Exercise brief: Write out every line of the material as it stands, apart from the pictures.

Material provided:
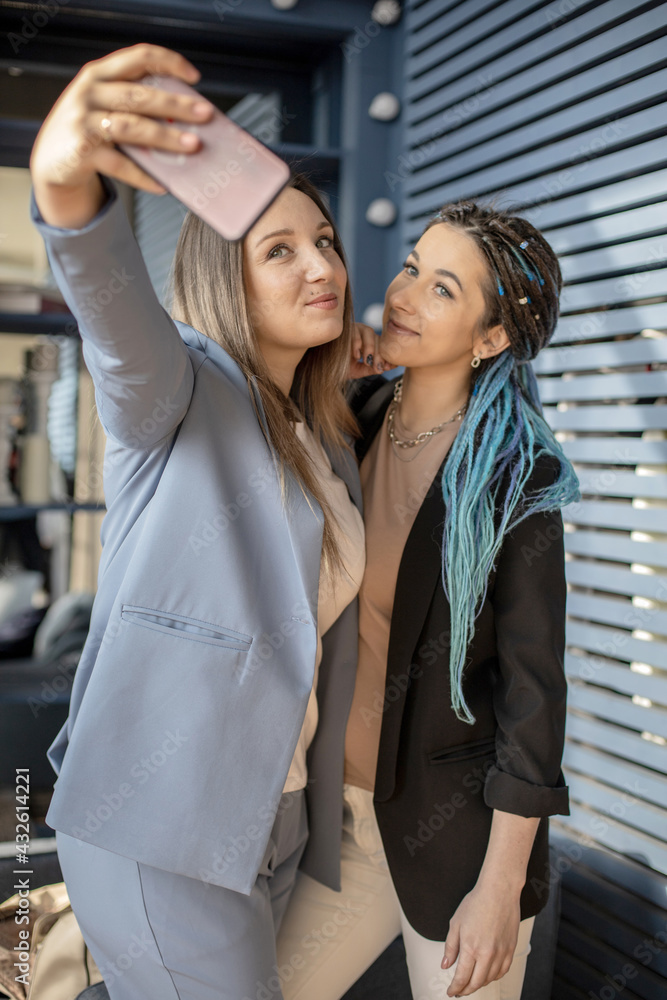 Happy female friends posing taking selfie photographing together use smartphone enjoying friendship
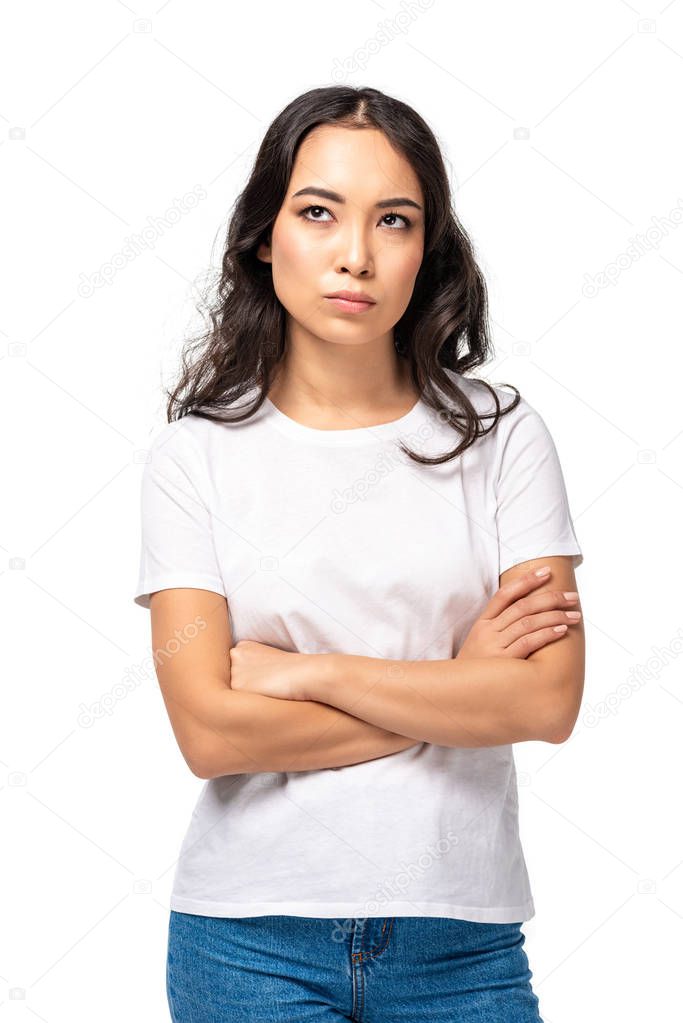 Skeptical dissatisfied asian woman standing with crossed arms isolated on white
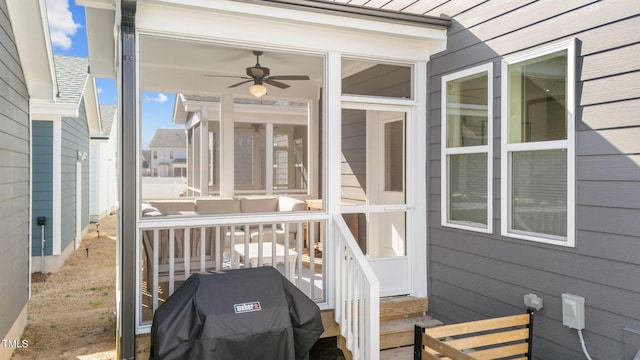 exterior space with ceiling fan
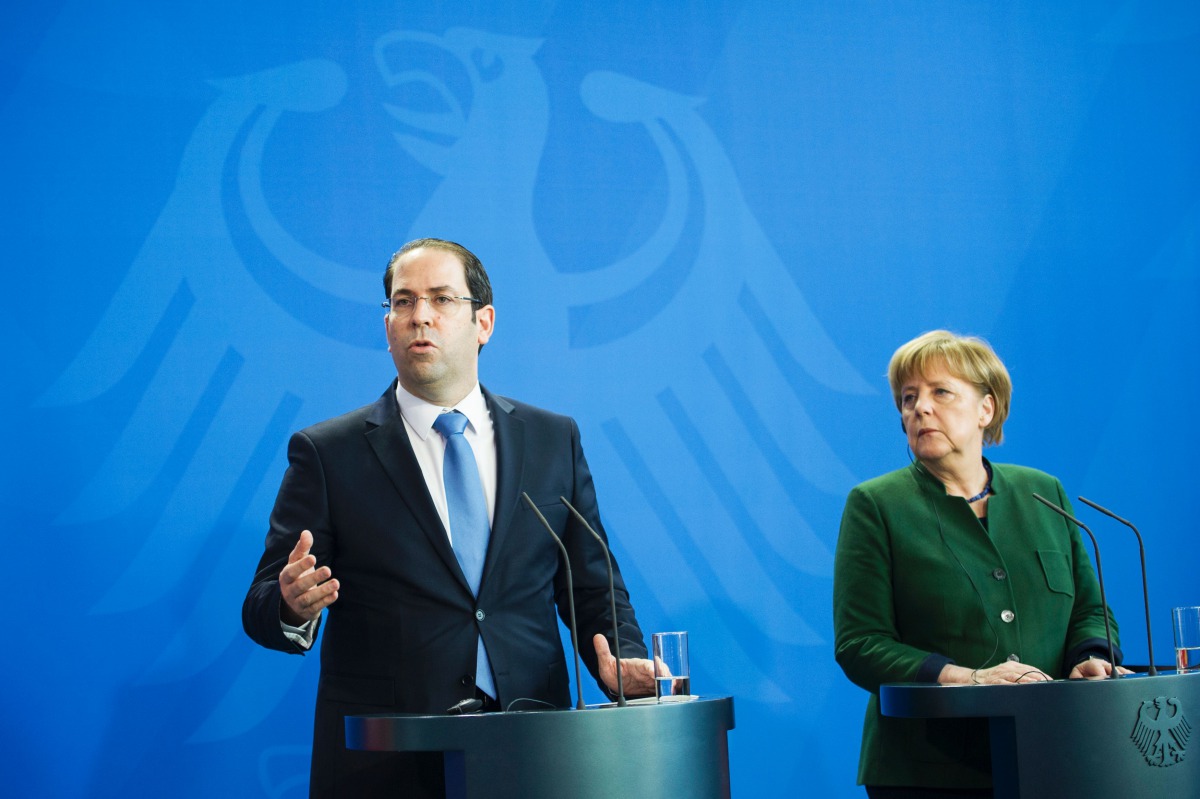 German Chancellor Angela Merkel and Tunisian Prime Minister Youssef Chahed adress the media after a meeting at the Chancellery in Berlin on February 14, 2017. German Chancellor Angela Merkel is expected to press Tunisia's Prime Minister Youssef Chahed to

Answer for this exercise:
 Happy female friends posing taking selfie photographing together use smartphone enjoying friendship
 Skeptical dissatisfied asian woman standing with crossed arms isolated on white
 exterior space with ceiling fan
 German Chancellor Angela Merkel and Tunisian Prime Minister Youssef Chahed adress the media after a meeting at the Chancellery in Berlin on February 14, 2017. German Chancellor Angela Merkel is expected to press Tunisia's Prime Minister Youssef Chahed to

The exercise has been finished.